SEMINAR MASTERCLASS led by David Elliott, renowned curator and director of museums and biennales, including the 17th Biennale of Sydney. Convened by Natalie King, Enterprise Professor, Victorian College of the Arts (VCA) and Charles Green, Professor of Contemporary Art, School of Culture and Communication, University of Melbourne.

Discussion and response was configured around the following provocations developed from Elliott’s current research interests:

Biennials and locality: Sydney vs Kiev. Why and where can biennials respond to local situations and ecologies?

Museum transformation in China & the impact of the State on art and curatorial practice.

A time for dreams: how and where can creativity survive in precarious times of unprecedented turmoil in states where repression increases?

British art historian, curator, writer and professor David Elliott has directed museums in Oxford (MoMA 1976-1996), Stockholm (Moderna Museet, 1996-2001), Tokyo (Mori Art Museum, founding director 2001- 2006), and Istanbul (Museum of Modern Art, 2007). He is currently Vice Director and Senior Curator at the Redtory Museum of Contemporary Art (RMCA) and Arts District in Guangzhou.

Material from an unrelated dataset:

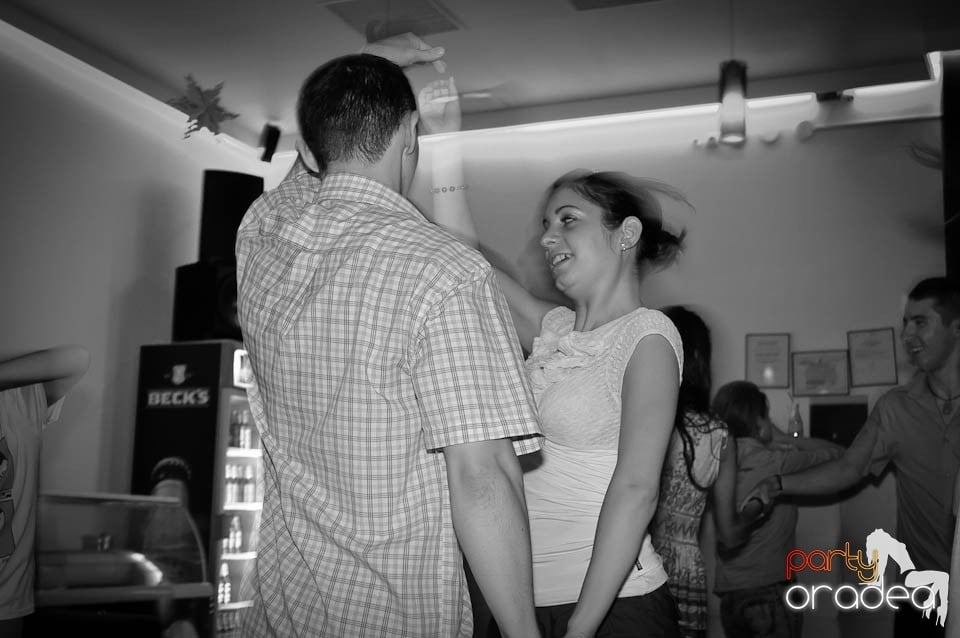 Seară de dans în Blondy's,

In 2008-10 he was Artistic Director of The Beauty of Distance: songs of survival in a precarious age, the 17th Biennale of Sydney; in 2011-12 he directed The Best of Times, The Worst of Times: rebirth and apocalypse in contemporary art, the inaugural International Biennale of Contemporary Art in Kyiv; from 2012 to 2014 he was Artistic Director of A Time for Dreams, the IV International Moscow Biennale of Young Art; and from 2014 to 2016 he was Artistic Director of The Pleasure of Love, the 56th October Salon in Belgrade. A specialist in Soviet and Russian avant-garde, as well as in modern and contemporary Asian art, he has published widely in these fields as well as on many other aspects of contemporary art.

This event is presented in conjunction with the 21st Beinnale of Sydney.
David Elliott’s visit to Australia comprises part of the Biennale Archive Stories program.